=== Section Start ===

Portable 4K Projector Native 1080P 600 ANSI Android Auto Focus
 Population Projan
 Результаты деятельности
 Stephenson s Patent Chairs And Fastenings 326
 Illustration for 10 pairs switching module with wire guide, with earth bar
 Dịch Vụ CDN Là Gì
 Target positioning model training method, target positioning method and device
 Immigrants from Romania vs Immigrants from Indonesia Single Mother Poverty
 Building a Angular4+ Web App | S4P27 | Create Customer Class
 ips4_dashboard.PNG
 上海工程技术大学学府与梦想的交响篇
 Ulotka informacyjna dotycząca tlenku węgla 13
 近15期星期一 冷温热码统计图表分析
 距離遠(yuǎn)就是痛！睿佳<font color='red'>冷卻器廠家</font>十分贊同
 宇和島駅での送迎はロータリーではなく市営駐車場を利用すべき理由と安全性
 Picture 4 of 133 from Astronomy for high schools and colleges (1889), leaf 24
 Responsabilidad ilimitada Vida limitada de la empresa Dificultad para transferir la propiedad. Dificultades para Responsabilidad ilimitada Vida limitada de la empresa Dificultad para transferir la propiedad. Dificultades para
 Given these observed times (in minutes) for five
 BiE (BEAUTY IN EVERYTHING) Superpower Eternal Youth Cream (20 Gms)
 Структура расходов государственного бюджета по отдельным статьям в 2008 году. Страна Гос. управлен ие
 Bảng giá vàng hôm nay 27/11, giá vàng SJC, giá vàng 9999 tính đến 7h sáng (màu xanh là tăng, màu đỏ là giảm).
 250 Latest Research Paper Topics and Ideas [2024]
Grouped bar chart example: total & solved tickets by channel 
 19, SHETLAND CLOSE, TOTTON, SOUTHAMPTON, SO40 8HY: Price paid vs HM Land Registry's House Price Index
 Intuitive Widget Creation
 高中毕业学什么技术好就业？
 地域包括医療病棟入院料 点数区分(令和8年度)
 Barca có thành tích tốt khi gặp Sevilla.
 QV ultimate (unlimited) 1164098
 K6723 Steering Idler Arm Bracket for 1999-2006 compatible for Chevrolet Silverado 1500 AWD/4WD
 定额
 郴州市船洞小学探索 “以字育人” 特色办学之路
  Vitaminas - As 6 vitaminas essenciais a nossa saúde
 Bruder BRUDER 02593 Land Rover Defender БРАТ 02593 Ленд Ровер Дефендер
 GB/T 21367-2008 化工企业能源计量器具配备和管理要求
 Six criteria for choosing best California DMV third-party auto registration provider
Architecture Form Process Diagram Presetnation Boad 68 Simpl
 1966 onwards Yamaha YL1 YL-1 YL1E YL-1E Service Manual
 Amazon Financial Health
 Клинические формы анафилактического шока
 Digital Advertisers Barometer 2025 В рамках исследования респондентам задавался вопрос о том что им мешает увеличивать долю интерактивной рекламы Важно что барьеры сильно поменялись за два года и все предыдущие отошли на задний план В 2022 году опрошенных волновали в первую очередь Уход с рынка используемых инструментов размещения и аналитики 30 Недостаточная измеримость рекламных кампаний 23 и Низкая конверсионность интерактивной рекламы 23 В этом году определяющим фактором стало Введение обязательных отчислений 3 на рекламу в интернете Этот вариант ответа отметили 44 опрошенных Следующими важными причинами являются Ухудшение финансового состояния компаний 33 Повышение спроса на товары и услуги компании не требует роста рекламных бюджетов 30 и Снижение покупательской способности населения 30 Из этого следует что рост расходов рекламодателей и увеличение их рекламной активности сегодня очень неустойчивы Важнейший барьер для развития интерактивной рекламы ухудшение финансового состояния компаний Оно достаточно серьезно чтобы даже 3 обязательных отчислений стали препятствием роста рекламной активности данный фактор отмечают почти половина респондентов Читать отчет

=== Section End ===

> [PROBLEM STATEMENT]:
Return every line of the listing above that contains "from".

> [ANSWER TO THIS EXERCISE]:
 Immigrants from Romania vs Immigrants from Indonesia Single Mother Poverty
 Picture 4 of 133 from Astronomy for high schools and colleges (1889), leaf 24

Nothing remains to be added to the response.